Reste qu’on ne peut  pas laisser le mouvement du sport remédier seul à ses défaillances, comme l’a si bien dit l’Assemblée parlementaire du Conseil de l’Europe. Dans la vaste entreprise  visant à renforcer la bonne gouvernance du sport, à prévenir les dérives de ses dirigeants et à les réprimer de façon appropriée, les responsabilités sont partagées. Il appartient au gouvernement de renforcer encore le cadre législatif et réglementaire, et de s’assurer davantage de son respect. Il incombe au mouvement sportif de perfectionner les mesures de prévention et de contrôle, encore imparfaitement mises en œuvre. Enfin de façon conjointe, il semble désormais opportun d’envisager la mise en place de modalités de contrôle et d’évaluation externes, émanant le cas échéant d’une instance indépendante et incontestée.

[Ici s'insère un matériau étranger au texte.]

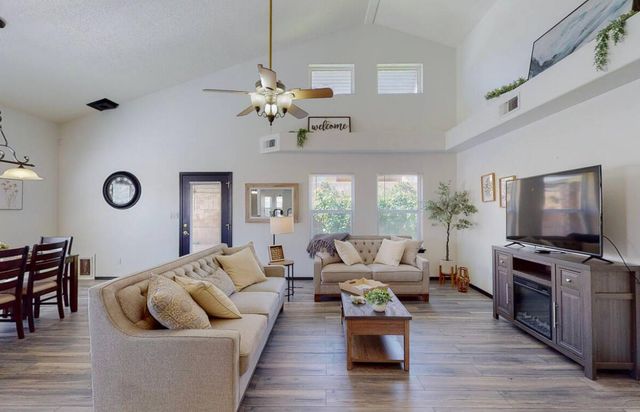 9829 Buckeye Street NW, Albuquerque, NM 87114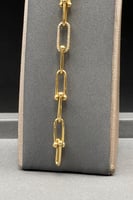 اسوارة قلب مع فصوص ذهب تصميم الماس عيار 18 وزن 12....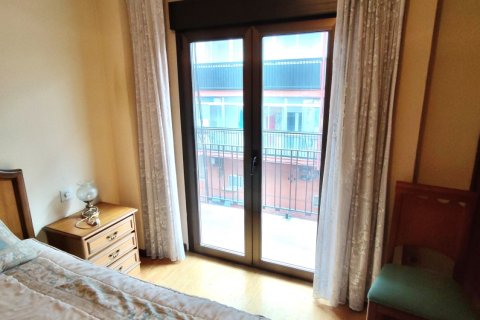 Huoneisto myytävänä Valladolid, Espanja, 3 makuuhuonetta, 61 m2 No. 185395 - kuva 30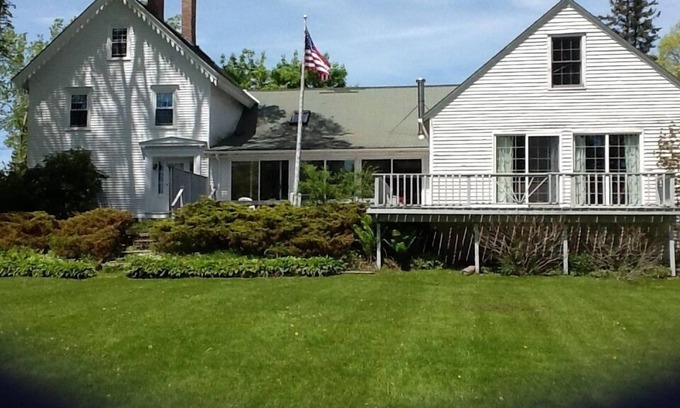Castine House | In The Heart Of Castine, 3 blocks from docks, perfect for family reunions
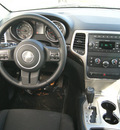 jeep grand cherokee 2011 bright silver suv laredo gasoline 6 cylinders 4 wheel drive automatic 80905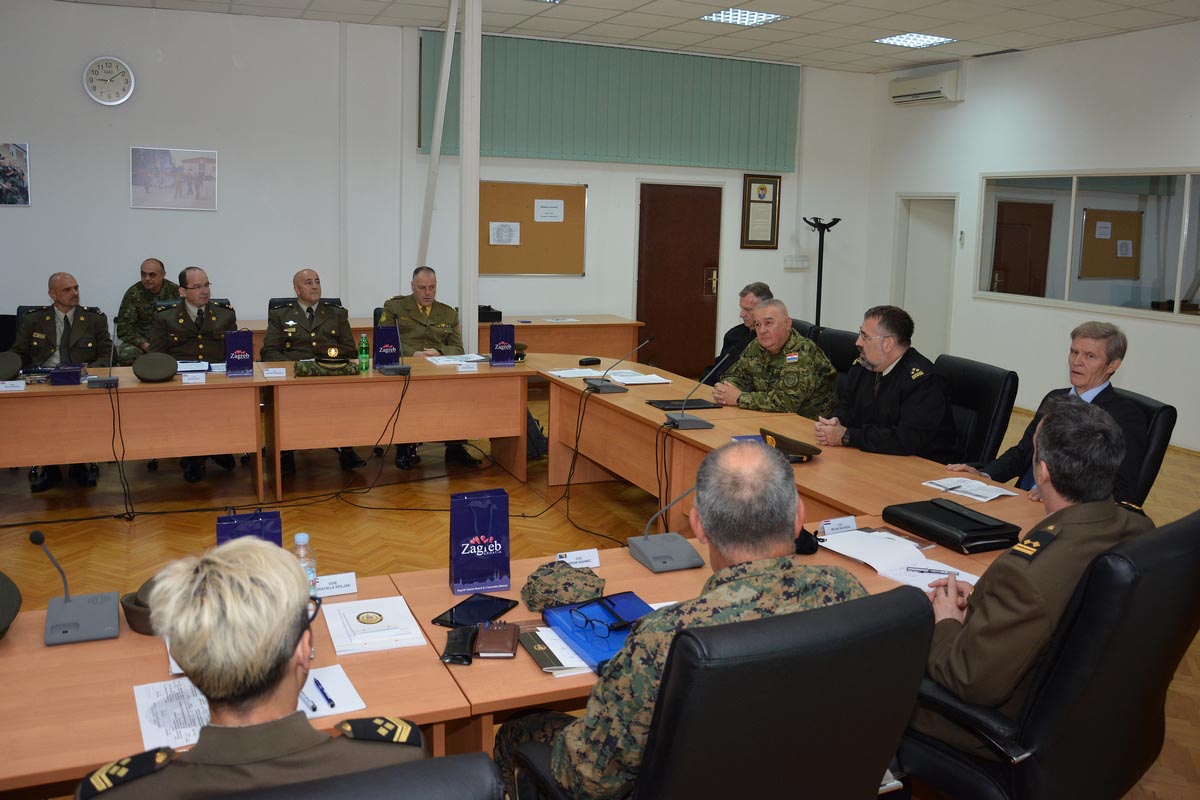 Slika https://www.morh.hr/wp-content/uploads/2019/04/tecaj_obrambene_diplomacije_240419_v.jpg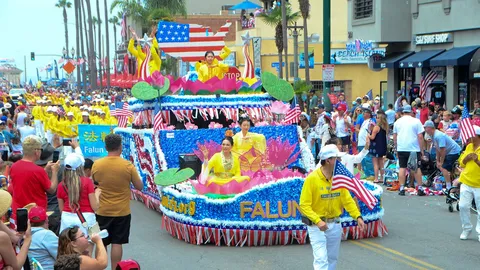 Chiếc xe hoa dẫn đầu đoàn học viên Pháp Luân Đại Pháp, được trang trí lộng lẫy với ba màu đỏ, trắng và xanh lam của quốc kỳ Mỹ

L’approche des JOP de 2024 et l’héritage qu’ils sont supposés laisser à la nation ne peut s’accommoder de laxisme en la matière. D’une manière plus générale, la contradiction entre un sport considéré comme un bien public, censé incarner un ensemble de valeurs, et la persistance dans les fédérations de fonctionnements peu démocratiques et de modes de régulation défaillants doit enfin être surmontée, sous peine de perdre toute crédibilité.

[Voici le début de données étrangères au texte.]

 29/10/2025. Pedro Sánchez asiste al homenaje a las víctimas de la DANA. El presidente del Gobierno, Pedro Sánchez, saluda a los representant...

[1]Cf. code du sport, art L131-1 : « Les fédérations sportives () exercent leur activité en toute indépendance ».

[2]Code du sport, art. L.111.1

[3] Nonobstant une possible action en justice pour d’éventuels délits susceptibles d’être réprimés pénalement.

[4] M. Gailhaguet avait annoncé sa démission de la présidence de la FFG le 8 février 2020, à l’issue d’un conseil fédéral extraordinaire.

[5]TA de Paris, 14 janvier 2022, n° 2008096/6.